Blowhards insist “Mitch McConnell sold out!” It’s easy to make this claim, and there’s no real downside. Their audiences aren’t going to question them, they trust these people. That trust makes the nature of the lack of accuracy all the more problematic. I hesitate to call it a lie simply because some of these people may not know any better – in the pundit game it is much easier to be bombastic than it is to know what you’re talking about, and you’re rewarded handsomely.

So, when they say McConnell “sold out,” maybe they think he did.

And maybe he did, we’ll never really know. But there are other options to consider before jumping to the easy conclusion.
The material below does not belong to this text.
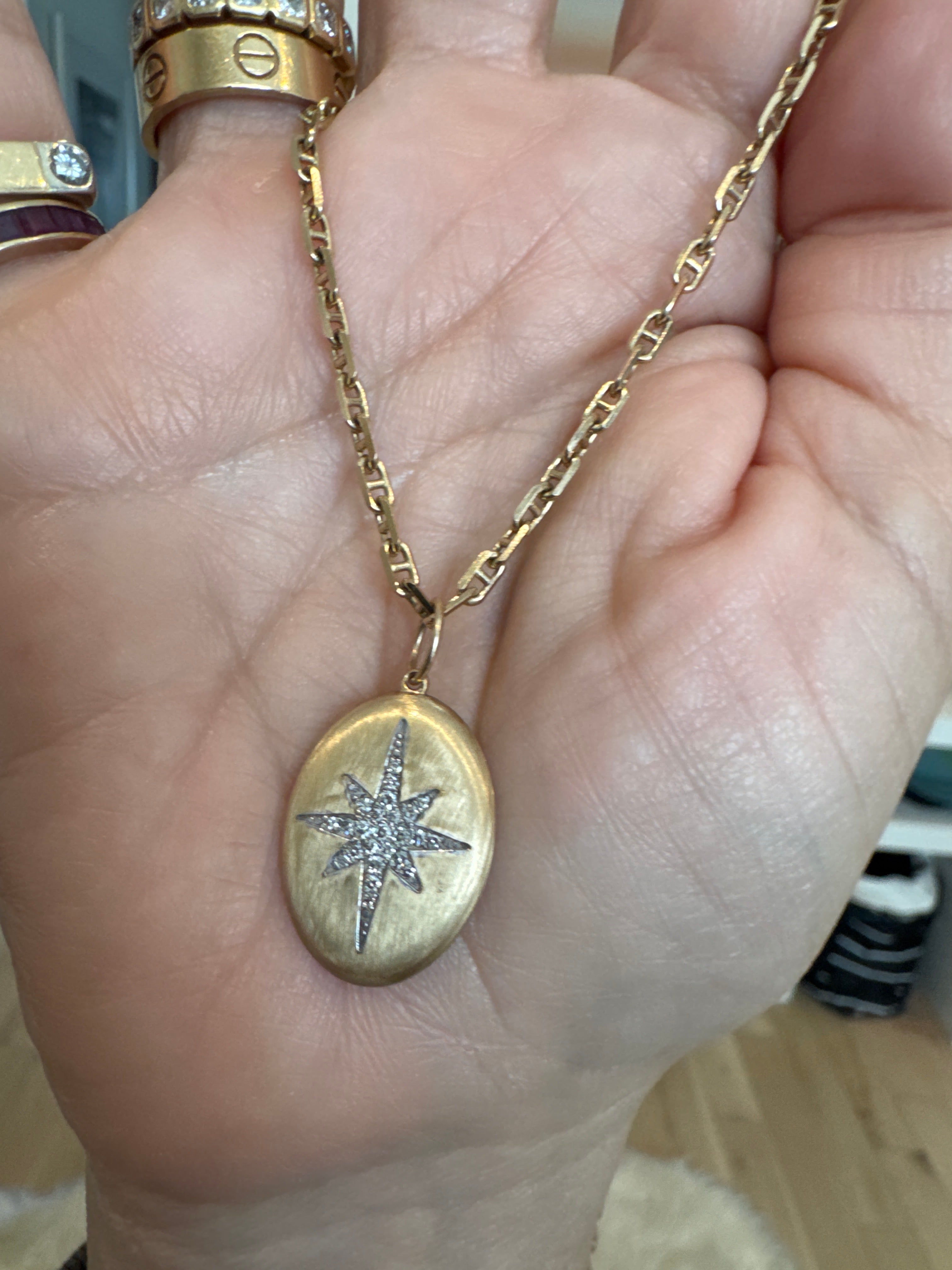 Brushed oval starburst pendant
The most obvious possible alternative, and frankly the most likely, is that what McConnell did saved the filibuster, at least for now. Democrats desperately want to get rid of it, this fight would’ve been perfect cover.

Yes, Democrats could have raised the debt ceiling on their own through a reconciliation vote, but I don’t believe they wanted Republican votes to end a filibuster so they could say both sides were to blame for the trillions Democrats are looking to add to the debt.
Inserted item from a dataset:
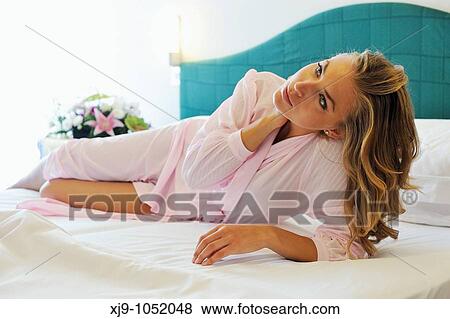 Young woman on bed in hotel room View Large Photo Image Stock Photo - Young woman on bed in hotel room. Fotosearch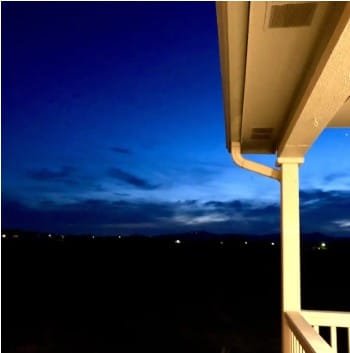 Twilight sky with distant lights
Let me tell you why that doesn’t matter. First, so few people in Congress of either party actually care about the debt to matter, same for the public. Second, if Democrats had blown up the filibuster, which this was a tactic to do, it would have given them cover to ram through their massive “human infrastructure” bill. Hear me out on this.
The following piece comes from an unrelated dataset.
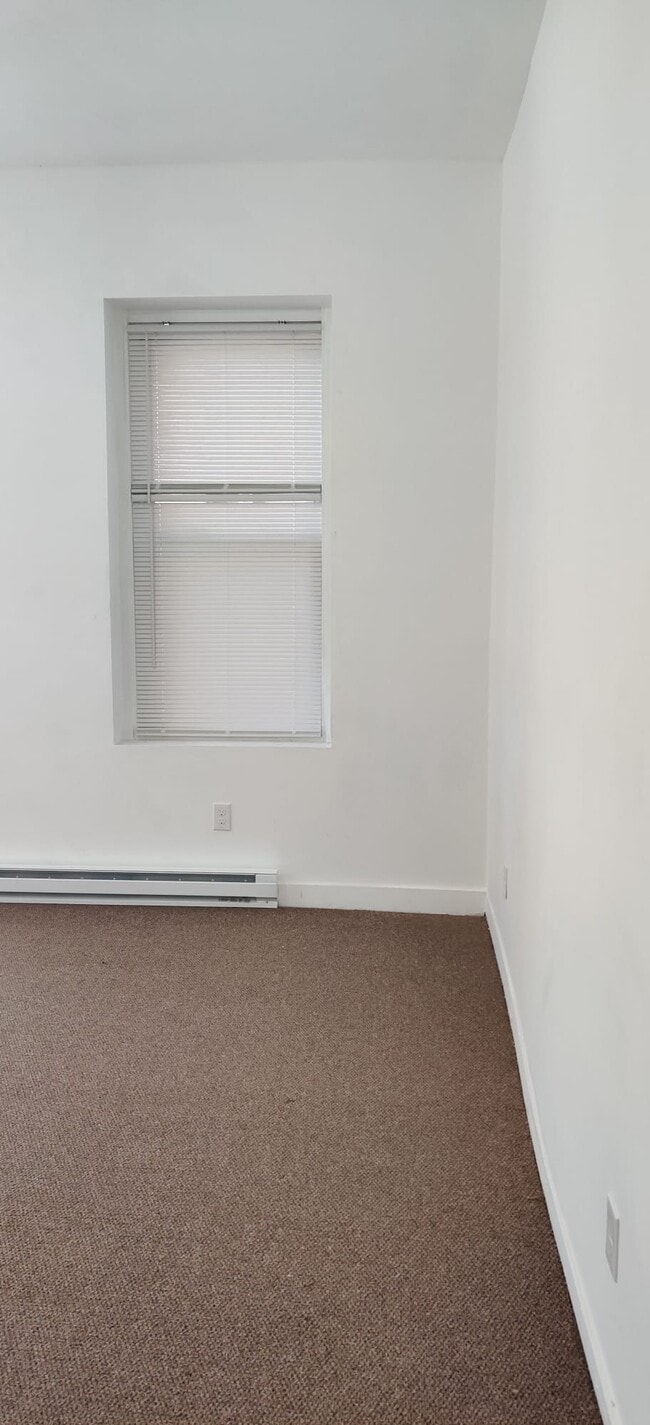 2321 Eutaw Pl, Unit 1B in Baltimore, MD - Building Photo - Building Photo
Remember the nomination of Neil Gorsuch to the Supreme Court? Democrats had already ended the filibuster on every judicial nomination except the Supreme Court. When Gorsuch was chosen to replace Antonin Scalina, it wasn’t going to make a difference in the balance of the court. There was no reason to filibuster, there was nothing on the line. They did it anyway, knowing full-well Republicans would do what Democrats had done and gotten rid of the 60 vote threshold, which is what happened.

No one cared, and barely anyone noticed. Then came the retirement of Justice Anthony Kennedy, the ultimate “swing vote” on the court, and the nomination of Brett Kavanaugh to replace him. That would impact the court, and Democrats had absolutely nothing they could to block it. They tried, but lies can’t replace procedure.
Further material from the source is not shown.